Omicidio Maria Campai, l’autopsia rivela una verità sconvolgente: cosa è emerso dall’esame autoptico
Maria Campai è stata picchiata e soffocata: agghiaccianti i risultati dell'autopsia durata più di quattro ore
Un referto agghiacciante che getta luce su una vicenda oscura e disumana, quello che è emerso dall’autopsia condotta sul corpo di Maria Campai, 42 anni. L’esame autoptico, durato oltre quattro ore, ha rivelato i terribili dettagli della modalità con cui 17enne si è accanito contro la donna.
Secondo il referto medico, Maria Campai è stata violentemente picchiata prima di essere soffocata. Colpi brutali al volto e alla testa, seguiti da una stretta letale al collo, effettuata con una mossa di arti marziali. Il ragazzo, che ha incontrato la donna attraverso una chat di incontri a pagamento, avrebbe reagito con feroce violenza al momento del pagamento, colpendola ripetutamente fino a soffocarla. Le numerose fratture riscontrate sul corpo della vittima, alla testa, allo sterno e alle costole, contraddicono la versione resa dal giovane, che aveva cercato di minimizzare l’accaduto sostenendo che Maria era caduta da un divano.

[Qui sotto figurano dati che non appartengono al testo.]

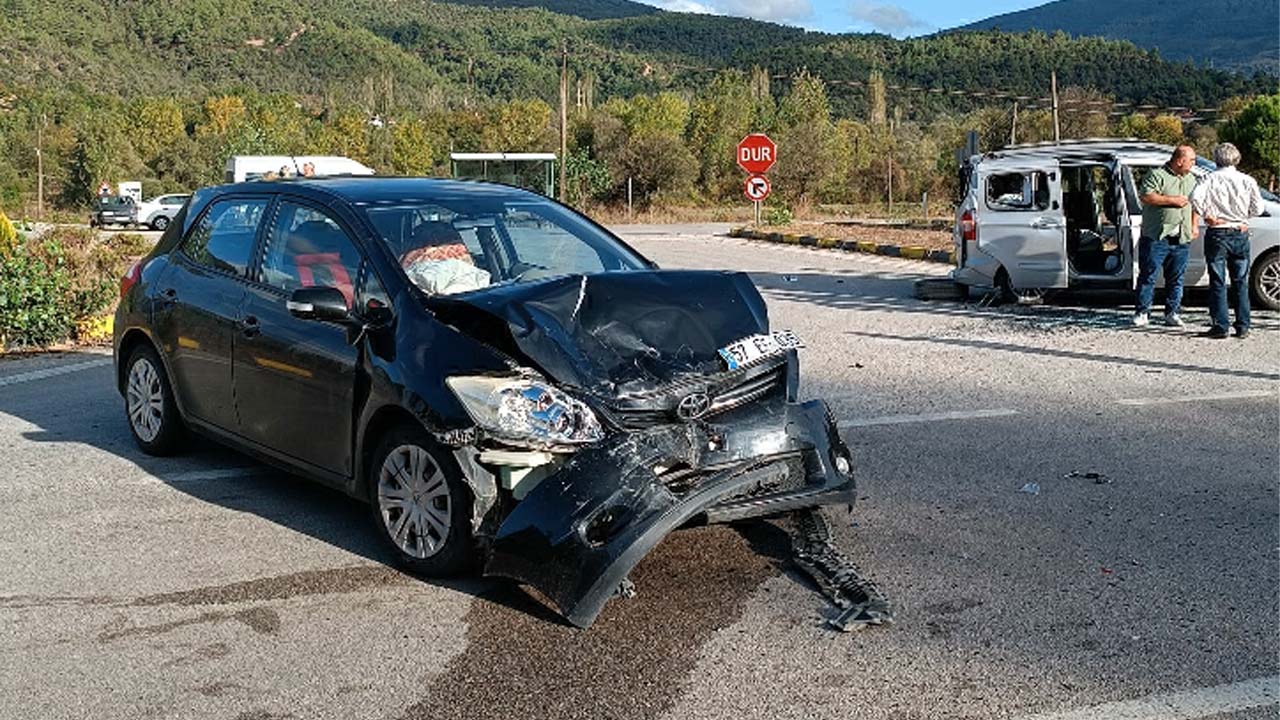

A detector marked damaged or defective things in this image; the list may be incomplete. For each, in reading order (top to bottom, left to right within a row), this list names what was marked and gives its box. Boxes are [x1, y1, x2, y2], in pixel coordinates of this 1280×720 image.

damaged black car [115, 177, 856, 628]
broken headlight [444, 376, 604, 444]
crushed front bumper [484, 396, 856, 628]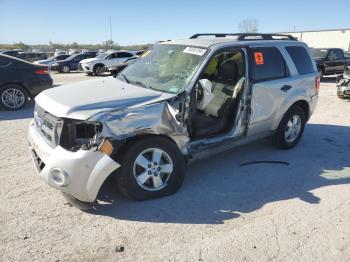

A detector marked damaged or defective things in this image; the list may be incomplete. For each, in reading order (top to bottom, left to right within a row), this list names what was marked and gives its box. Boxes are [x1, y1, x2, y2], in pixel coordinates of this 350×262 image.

dented hood [35, 76, 172, 119]
damaged front bumper [27, 121, 120, 203]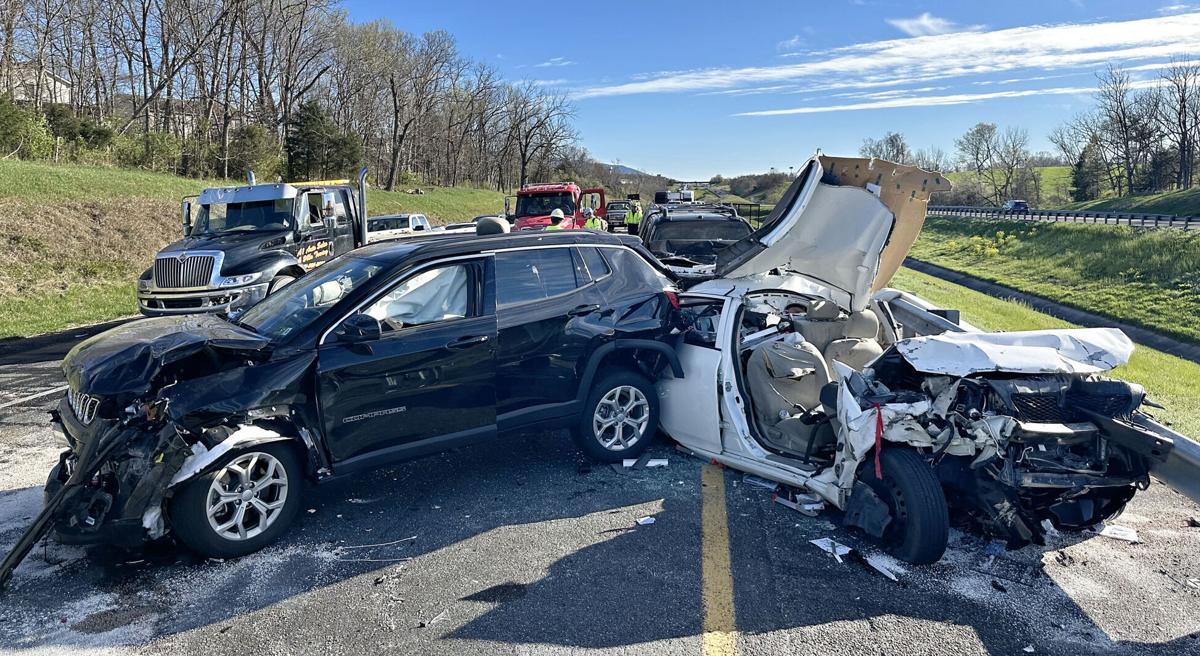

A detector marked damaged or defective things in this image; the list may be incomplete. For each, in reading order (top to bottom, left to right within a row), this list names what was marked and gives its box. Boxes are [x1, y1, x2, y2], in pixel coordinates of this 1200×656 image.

shattered windshield [194, 199, 295, 237]
shattered windshield [513, 193, 573, 218]
bent white hood [715, 158, 950, 314]
detached wheel [268, 273, 296, 293]
shattered windshield [241, 254, 391, 340]
white wrecked car [657, 153, 1200, 563]
bent white hood [892, 326, 1132, 376]
crumpled fender [169, 426, 295, 486]
black wrecked suv [0, 229, 681, 578]
detached wheel [576, 369, 662, 462]
detached wheel [171, 441, 302, 558]
broken plastic piece [806, 539, 854, 563]
detached wheel [864, 450, 945, 563]
broken plastic piece [1094, 522, 1137, 544]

L’autopsia, eseguita presso l’ospedale Carlo Poma di Mantova dal medico legale Antonello Cirnelli, ha rivelato la brutalità dell’omicidio, smontando definitivamente la difesa del giovane. Le ferite riportate dalla donna non sono compatibili con una semplice caduta, ma piuttosto con un pestaggio.
Il 17enne ha trasportato il corpo nel giardino di una villa abbandonata vicino al garage della sua abitazione, ricoprendolo di foglie per nasconderlo. Per sette giorni, Maria Campai è rimasta lì, sotto un albero, mentre il ragazzo continuava la sua vita apparentemente normale, dividendosi tra scuola e palestra, senza mostrare segni di pentimento.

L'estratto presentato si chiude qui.